McCampbell asked the Supreme Court to strike down the June ruling and return the case to the Court of Criminal Appeals, which then could determine whether the criminal case against Leftwich should be dismissed.
Rowland said the criminal case against Leftwich and Terrill would proceed even if the Court of Criminal Appeals ruling is struck down.
“We still have ample evidence to go forward which wouldn't be covered by this,” he said. “Our prosecution will be able to go forward unless the Supreme Court does something which would be completely out of step with U.S. Supreme Court case law.”
Justices asked both attorneys several questions during the hourlong session.
Chief Justice Steven Taylor asked McCampbell more than once how any legislative immunity offered by the constitution could protect Leftwich and Terrill at meetings that were held away from the state Capitol, such as a restaurant in Moore where Terrill and Leftwich, according to prosecutors, met to discuss the legislation. He also questioned how the constitutional privilege could protect them if their discussions touched on, as prosecutors alleged, a possible job for Leftwich.
Justice John Reif asked, “Doesn't this kind of horse trading go on all the time?”
Reif said the House of Representatives and the Senate have the power to investigate allegations of misconduct by legislators and have the authority to discipline them. Lawmakers involved in mischievous deeds also face repercussions from voters at the ballot box, he said.
Rowland said any punishment handed down by the Legislature should not be the exclusive remedy.

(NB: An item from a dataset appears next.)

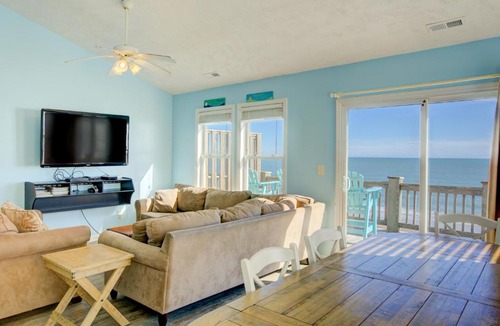 Surf City House | North Shore Oasis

“That shouldn't divest the criminal justice process from doing its job when the law is broken,” he said. “Furthermore, there has been a special House committee in session to investigate this for something in excess of six months. So far, there isn't any reason to think that they're going to take any action.”
Prosecutors allege that the position offered to Leftwich was defined and funded in two bills adopted by the Legislature last year.
The legislation was vetoed by former Gov. Brad Henry after the allegations surfaced.
Among other things, Terrill pressured officials at the state medical examiner's office to hire Leftwich, prosecutors say. He was chairman of a House budget subcommittee that authorized funding for the office.
Terrill, who did not formally join in Leftwich's appeal, attended Tuesday's hearing. Any ruling by the Supreme Court would affect Leftwich and Terrill alike.
“I am 100 percent factually and legally innocent,” Terrill said.
“I am confident as I always have been that I will be exonerated and ultimately vindicated.”